Avant les mots. Avant la théorie. Avant même le mot "thérapeute"
Sur les plages mauriciennes existe une économie que ne mesure aucune statistique du tourisme : celle du geste, du regard, du lien qui se noue en quelques minutes entre un visiteur et l'île qui l'accueille. Une économie du sensible plutôt que du prix. C'est de là que part cette histoire.

Elodie Fangamar est praticienne du Reiki et de l'accompagnement énergétique. Fille d'un colporteur de plage, elle a grandi au contact direct des visiteurs — le petit commerce informel restant, à Maurice, l'un des points de contact les plus anciens entre population locale et tourisme international.

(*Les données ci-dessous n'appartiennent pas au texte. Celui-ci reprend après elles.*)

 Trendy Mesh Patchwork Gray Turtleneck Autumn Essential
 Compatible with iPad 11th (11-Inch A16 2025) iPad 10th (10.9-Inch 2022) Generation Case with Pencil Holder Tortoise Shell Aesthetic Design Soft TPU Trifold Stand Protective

Sa grand-mère lui a transmis, tôt, la connaissance des plantes, les remèdes traditionnels, une manière ancestrale de prendre soin de l'être humain dans sa globalité.
« Je ne me considère pas simplement comme une thérapeute. Je suis une femme mauricienne qui a grandi au cœur des traditions, bercée par les remèdes naturels, les rituels transmis par ma grand-mère et le profond respect de la nature. »
— Elodie Fangamar
Ce qu'on ne facture pas
Sur le sable, très jeune, elle comprend. Le tourisme n'est pas qu'un échange commercial. Une rencontre humaine, d'abord. Un partage d'énergie. Cette capacité à créer un lien sincère, elle la tient pour la première richesse de l'identité mauricienne — un capital que rien ne facture, mais qui doit désormais, pense-t-elle, structurer l'offre touristique de l'île à mesure que le voyageur change de nature, cherchant moins un séjour qu'une expérience dont il ressort différent.

Écouter avec les mains
De cette transmission familiale naît, avec le temps, un chemin plus personnel. Intuition. Ressenti. Un don des mains. Elodie Fangamar en fait le socle du Reiki et de l'accompagnement énergétique qu'elle pratique aujourd'hui.
« Les mains sont un langage du cœur : elles permettent d'écouter autrement, de ressentir ce qui ne se voit pas. »
— Elodie Fangamar, praticienne du Reiki
Elle ne parle pas de prestation. Elle parle d'accompagnement — vers une reconnexion avec soi-même.

Retraites et transmission
De ce parcours naît une conviction plus large. Le tourisme mauricien doit se réinventer autour de l'expérience et de la transformation, selon elle, à travers des retraites immersives ancrées dans l'identité de l'île, où le visiteur rencontrerait une culture vivante plutôt qu'un décor — peuple multiculturel, plantes, saveurs, savoirs transmis de génération en génération, et où l'hôtellerie aurait l'occasion de devenir elle-même un lieu de transformation.
Le luxe de demain, avance-t-elle, ne se mesurera plus au matériel. Mais à l'authenticité.
La plus grande richesse de l'île, conclut Elodie Fangamar, ne tient ni à son lagon ni à ses paysages. Elle la situe dans ce qu'elle appelle l'âme mauricienne — une responsabilité, dit-elle, plus qu'un décor.